The world was changing at an unfathomable pace around them, spiraling in directions as sandstorms of western thought were carried over the sea by harsh winds into the gulf.
From Boshera, Iran, the British came with spheres, platforms of organization and sermons of ideas for the future. This was the beginning of Kuwaiti Nationalism with documentation, citizenship, and census taken to count the lands’ true settlers, inhabitants, and nationals. These ideas were new to Kuwait’s people. Many people wondered why they needed these papers stating where they were from, confused with words like “notarization.” Hussein told of the skeptics who did not follow suit – as they were to become the Bedoun{(without nationality) not to be confused with Bedouin}. Why did everything have to change?
Some have watched this all take place. In America they call these witnesses “The Greatest Generation.” I sat with eyes from another country and listened to his words, his poetry of the past and how life used to be. Eyes that gleam, lips shutter with each syllable, and hands that dance along – carving the air as he points in the direction of how things use to be – “a lot simpler.”
There is something beautiful, sometimes painful about reminiscing. The saying “I remember when.” What he remembers is what I wanted to know.
So on a Friday evening after the sun had sank, my friend and I set out to talk with Abdul Hussein, an old Iraqi man, about his life and the changes that have taken place around him. Tucked in the middle of Kuwait City surrounded by skyscrapers, large roads and round-a-bouts lies Souk Mubarkia (the old market).
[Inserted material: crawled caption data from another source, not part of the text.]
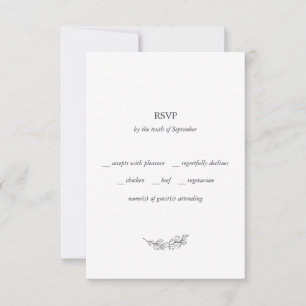 Mallory Minimalist Black White Meal Choice Wedding RSVP Card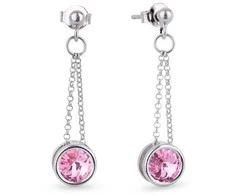 Diamond Sky Jewelry Sidabriniai auskarai moterims DiamondSky „Bonbon (Light Rose)" su Swarovski kristalais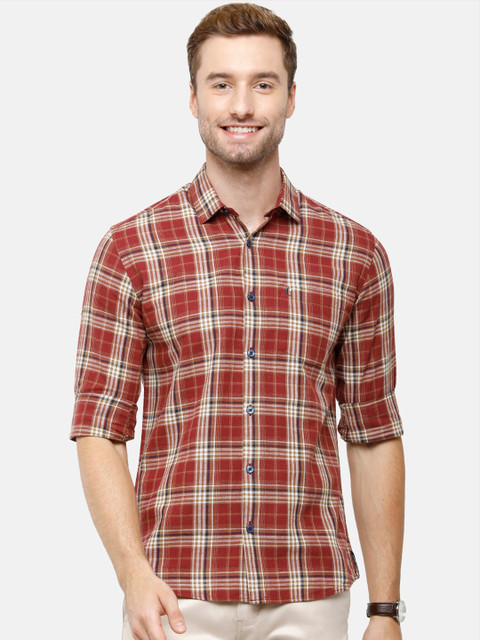 

CAVALLO by Linen Club Men Red Tartan Checks Checked Casual Shirt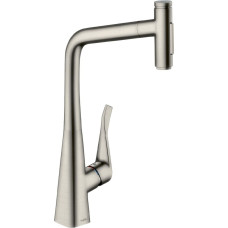 Hansgrohe Virtuves jaucējkrāns ar izvelkamu &scaron;ļūteni, Metris Select M71, 73820800.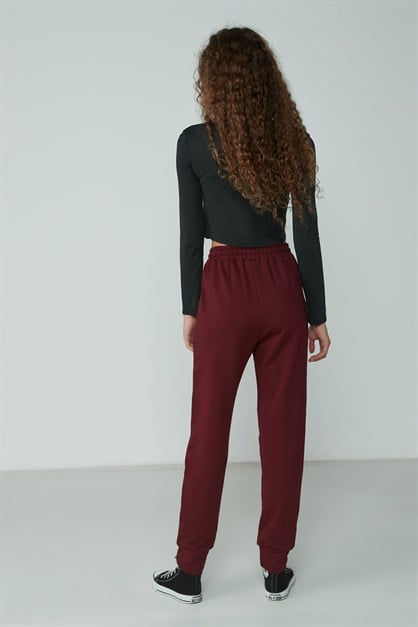 C&City Manşetli Paça Yandan Cepli Eşofman Altı 735 Bordo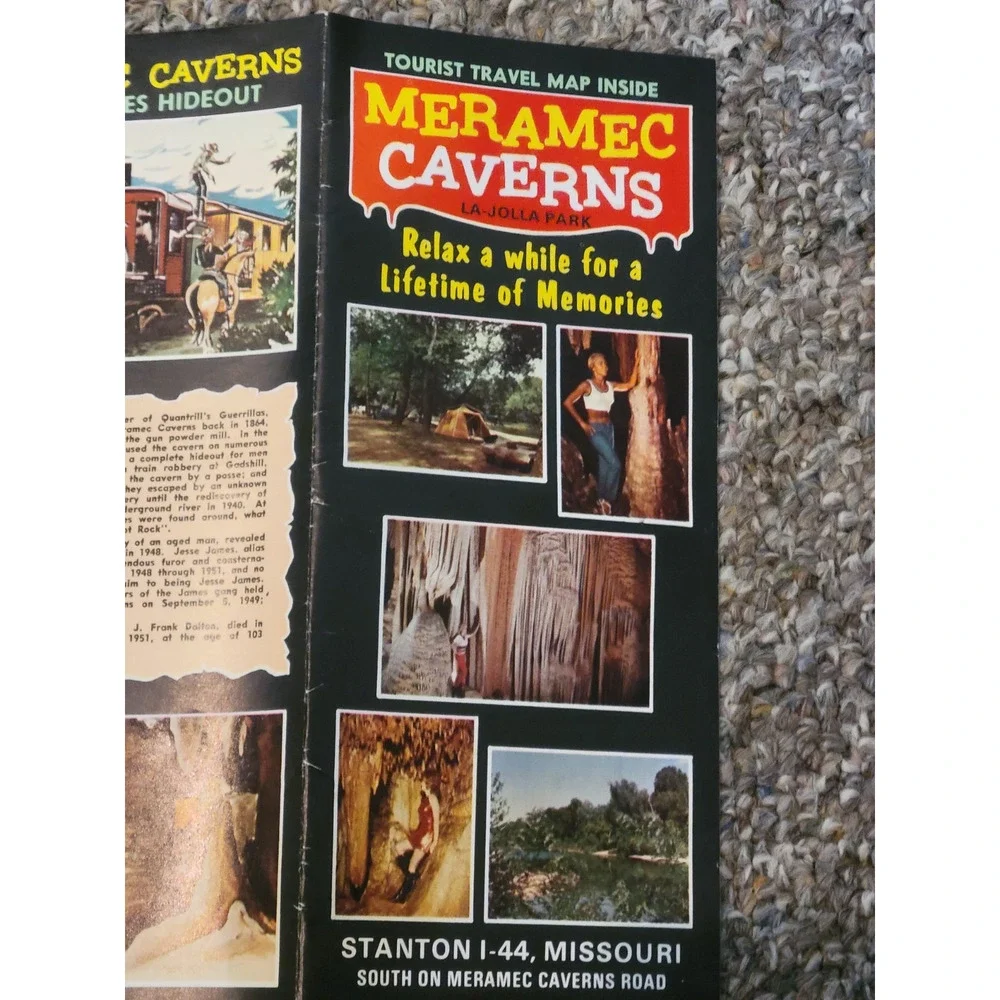 Vtg 1970s Meramec Caverns Ephemera Tourist Brochure Travel Guide‎ Souvenir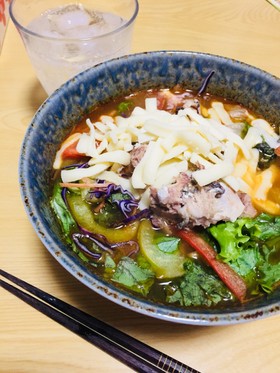 野菜たっぷり!鯖チー辛ラーメン♡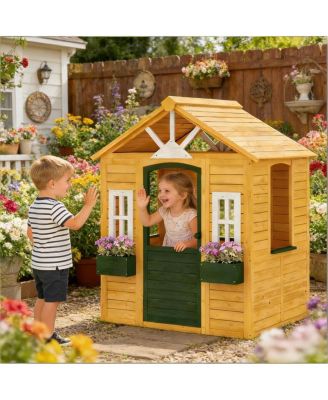 Creative Garden Playhouse, Fir Wood, 53"L x 38.2"W x 59.1"H, Flower Boxes & Windows, Accommodates 2, Ages 3+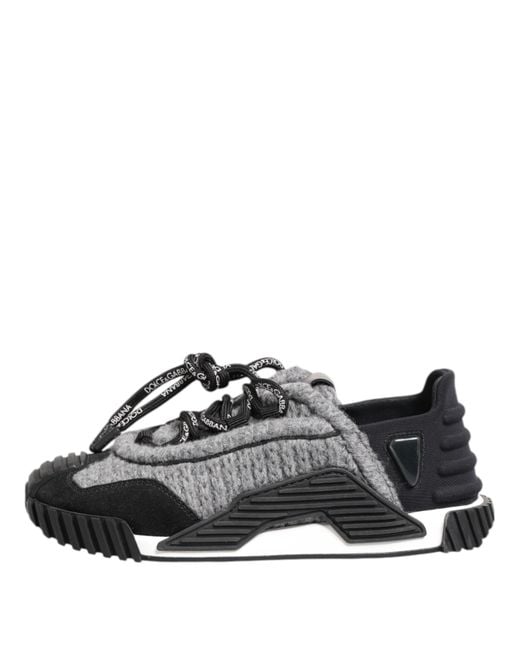 Dolce & Gabbana Black Gray Ns1 Low Top Sneakers Shoes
Inside and around the corner from the grocers and butchers sits a quant shop built on top of Russian wood frames. Facades of concrete – where plaster bandages the cracks (the same now as it was before) – nestled in between many – the similar, along the alleyway.
The owner dressed in a white button down shirt and blue trousers counts his beads. Perfect pleats and creases shoot sharply down the center of each pant leg. Amongst friends and stories of old, he works each day and into the night. His spectacles – perched on his face mirror the shimmers – sparks of light surging in large glass bulbs that dangle from electrical wire, like strings sewn through the corrugated metal roof above. He reminds me of my grandfather, his face – grizzled, scratching his 5 o’clock shadow with the top of his hand. His mannerisms, movements – slow – and planned, I presume. He loves to talk about the past when he was a voice of freedom against the past Iraqi system, now a voice of beautiful anecdotes strewn together like amber and ivory beads in meticulous detail and fashion. Each bead; from wherever it may be from tells a different story as he clutched them in his left hand.
I was about to be taken back along the thread of his mesbah to the days of the “old” old souk. His feet have sauntered paths in Iran, Iraq, Saudi Arabia, Canada, Australia and England, but his heels are dug in deep to his little neighborhood. The shops, the people, and the stories become spools of yarn, unraveling. A walk in the past with a great guide seated on a sadu (Bedouin pillow) we drank tea, and he remembered when……
Kennedy had been assassinated a year prior, the Beatles released their first album, plans to build the World Trade Center were announced, the Italian government asked for help to keep the Leaning Tower of Pisa from toppling over, the Rolling Stones released their first album, Rola Dashti was born, people walked and shopped in the old souk, and Abdul Hussein arrived in Kuwait. It was 1964.
The Beatles have since broken up, the World Trade Center no longer stands as the Leaning tower of Pisa still leans, Rola Dashti is now in Kuwait’s Parliament, people walk and shop through the old souk, and Abdul Hussein still sells his mesbah. It is 2010.
As parts of the world built UP – Kuwait built outward. People were only from Sharq and Jisbah then. Safat was a place where only sheep were sold. Farwaniya, Jabriya, Salmiya, Mahboula, and Fahaheel; now bustling neighborhoods on the outskirts of the city were all just distant barren sands. You could count schools on one hand. People stayed close, stayed simple, stayed familiar and stayed safe. As we sat and discussed these changes many people old and young came to greet this man who has made a stamp on his neighborhood – a “notarized” expert as a merchant of the fashionable and religious (beads). They came in droves of shuffling sandals asking questions, inquiring about purchases, and inquiring about his day.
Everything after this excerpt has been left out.